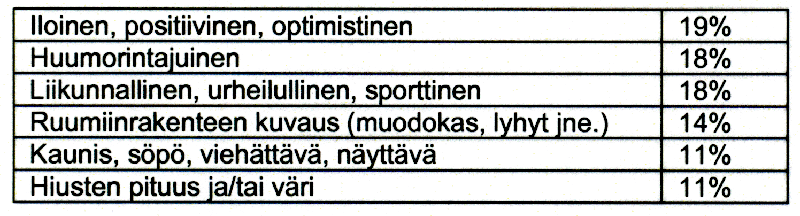 myös itsensä kuvaavat (kuva 4).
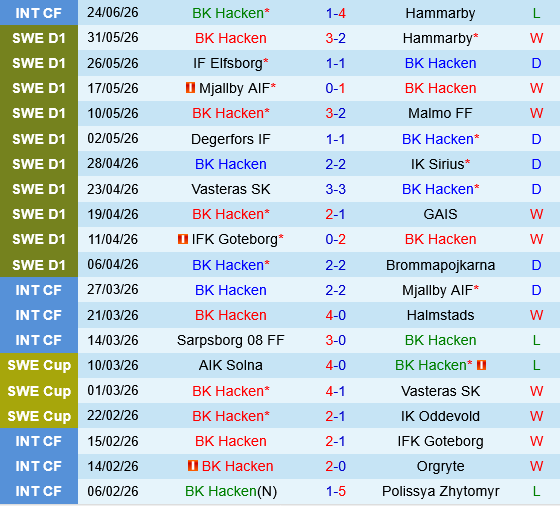 Hacken vs Djurgardens Hacken vs Djurgardens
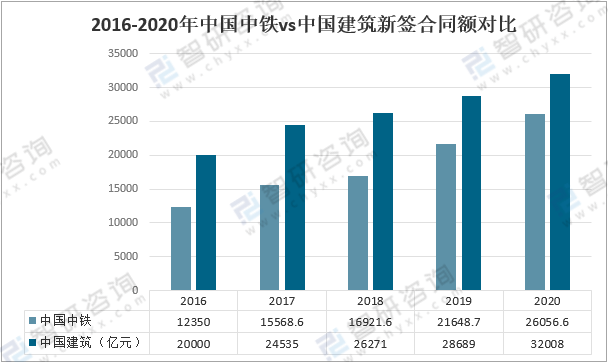 澳门三中三100%的资料三中三,全面实施分析数据_Hybrid23.215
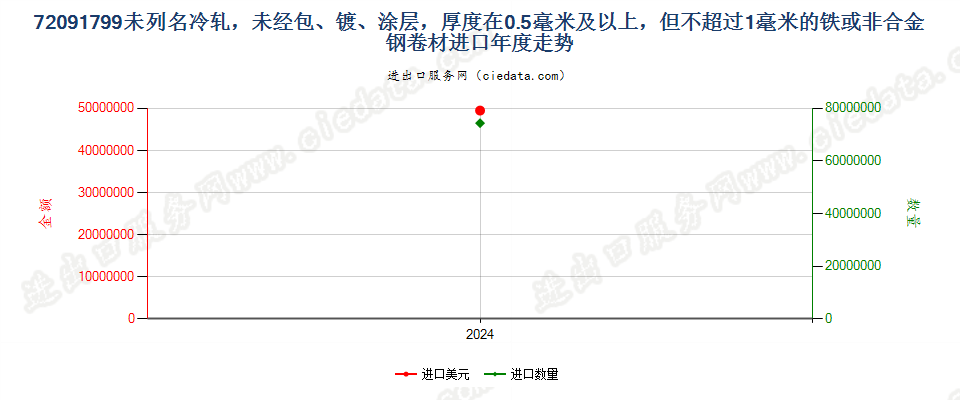 72091799未列名冷轧，未经包、镀、涂层，厚度在0.5毫米及以上，但不超过1毫米的铁或非合金钢卷材进口年度走势图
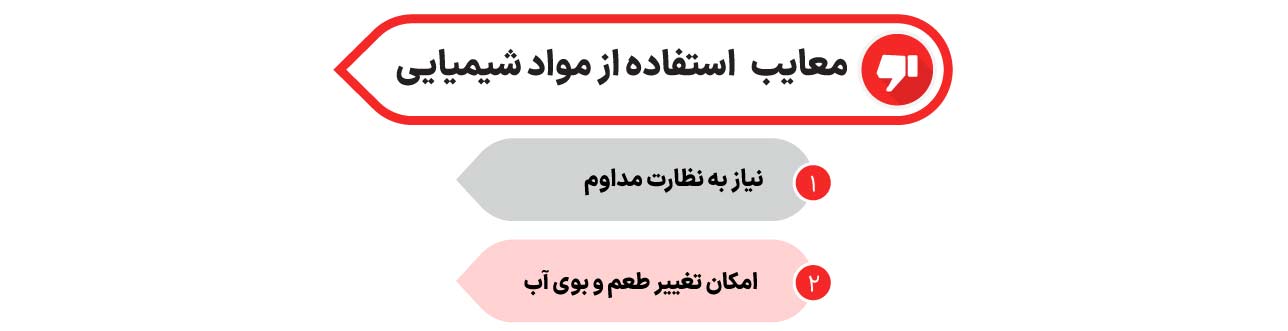 معایب سختی گیر با مواد شیمیایی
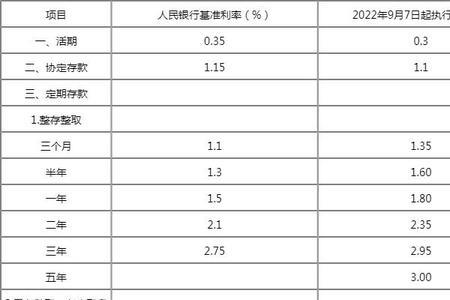 长沙农商银行3年定期利息多少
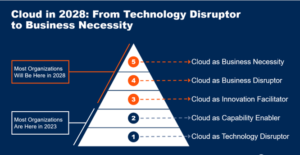 Future of Cloud Computing Through 2028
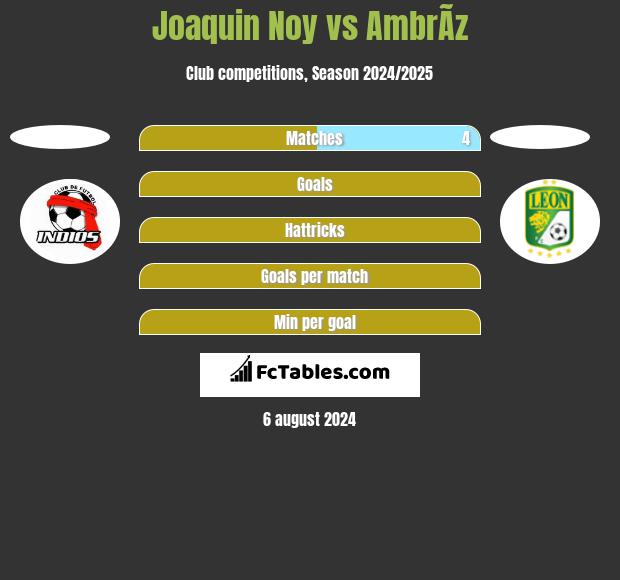 Joaquin Noy vs AmbrÃ­z h2h player stats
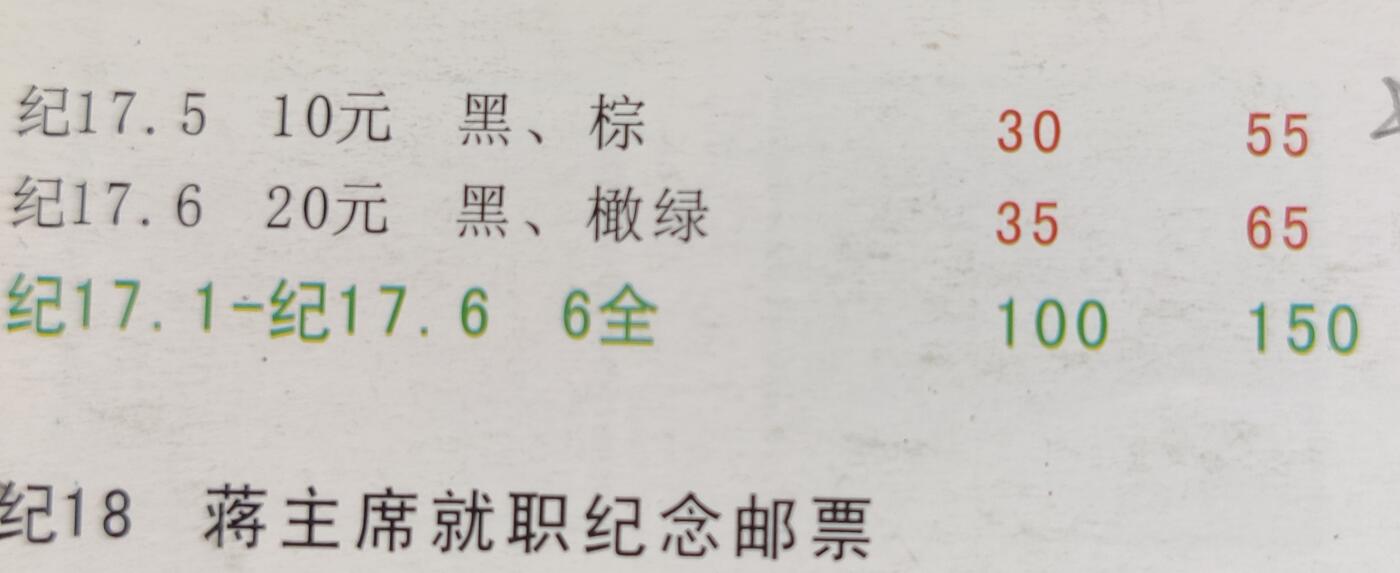洪涛臻品批发群 精选邮票限时拍卖第六百四十五期  民纪17林森故主席旧全 旧票更贵,图3-4十几年前邮商牌价旧150元.发行仅35万,很少!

##########

Work instruction. Everything from the line with "长沙农商银行3年定期利息多少" through the last line above should be reproduced exactly, both ends included; pictures must be omitted.

Solution for this problem.
 长沙农商银行3年定期利息多少
 Future of Cloud Computing Through 2028
 Joaquin Noy vs AmbrÃ­z h2h player stats
洪涛臻品批发群 精选邮票限时拍卖第六百四十五期  民纪17林森故主席旧全 旧票更贵,图3-4十几年前邮商牌价旧150元.发行仅35万,很少!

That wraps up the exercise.